Morgan lost his first five decisions with the Orioles, racking up a 6.88 ERA in the process. He finished 1-6, his only win coming in relief. He also made two stops on the disabled list and had season-ending surgery in August to correct an abnormal bone growth in his right foot.

"It seems like that was forever ago," he said.

It was exactly 10 years ago yesterday that fans packed Memorial Stadium upon the team's return from Chicago. The Orioles won that night, improving their record to 2-23.

Terp homecoming

University of Maryland alumnus Eric Milton, who makes his sixth major-league start today for the Twins, said he's had requests for 62 tickets from family and friends. "I'd better get my checkbook out," he said.

Milton, 22, spent one season in the minors after being chosen by the New York Yankees in the first round of the 1996 draft.
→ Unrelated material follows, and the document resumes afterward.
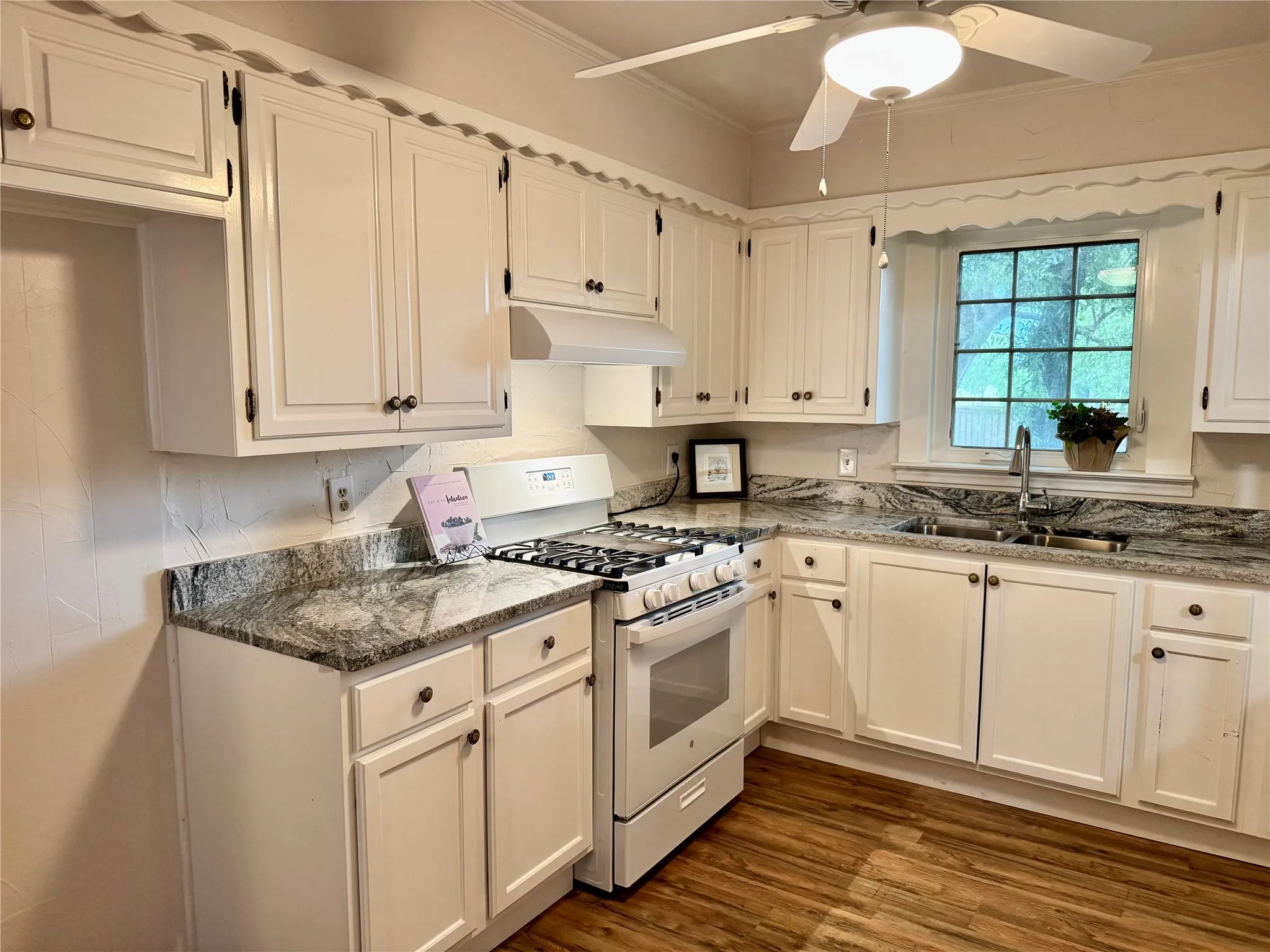 Single Family Residence For Rent in Grayson County , 1197 FM 697, Sherman, Texas 75090, 3 Bedroom, 2 Bathroom, Garage spaces, 1,296 Sqft, built in 1945, mls#21280546, Real Estate Agent in Sherman, Homes For Rent in Grayson county, Homes For Rent in Sherman, Realtor in Sherman Texas, Real Estate Brokerage Independent Realty Texas, Luminita Cordes Realtor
He was dealt to Minnesota over the winter along with three prospects for second baseman Chuck Knoblauch.

After being told near the end of spring training that he had made the club, Milton checked the schedule to see if his turn in the rotation would fall during this series. The left-hander was relieved to find that it did, but hadn't counted on being opposed by Mike Mussina.

"I'm just trying to relax and not think about it. It's a big game, and when everybody in your family and your friends are watching, it adds a little more to it," he said.

Milton, whose parents drove 18 hours to Minnesota from their Pennsylvania home for his debut, started off 2-0 before losing his last two decisions.

Special singer

Today's national anthem will be performed by Seattle resident Mark Reiman, who seven years ago was diagnosed with Lou Gehrig's disease, also called amyotrophic lateral sclerosis.

Camden Yards is the fifth stop in his quest to sing at all 30 major-league ballparks this season, part of a campaign called "A Season of Hope" that helps raise awareness about the fatal neurological disease. The tour is sponsored by the National ALS Association and Rhone-Poulenc Rorer, which makes the only FDA-approved drug for treatment of the disease.

"I decided early on it was crucial to focus on living with, not dying from, this disease," said Reiman, 42, a middle school teacher and father of two who already has performed in New York, Seattle, Kansas City and Boston. His next stop will be Bank One Ballpark in Phoenix.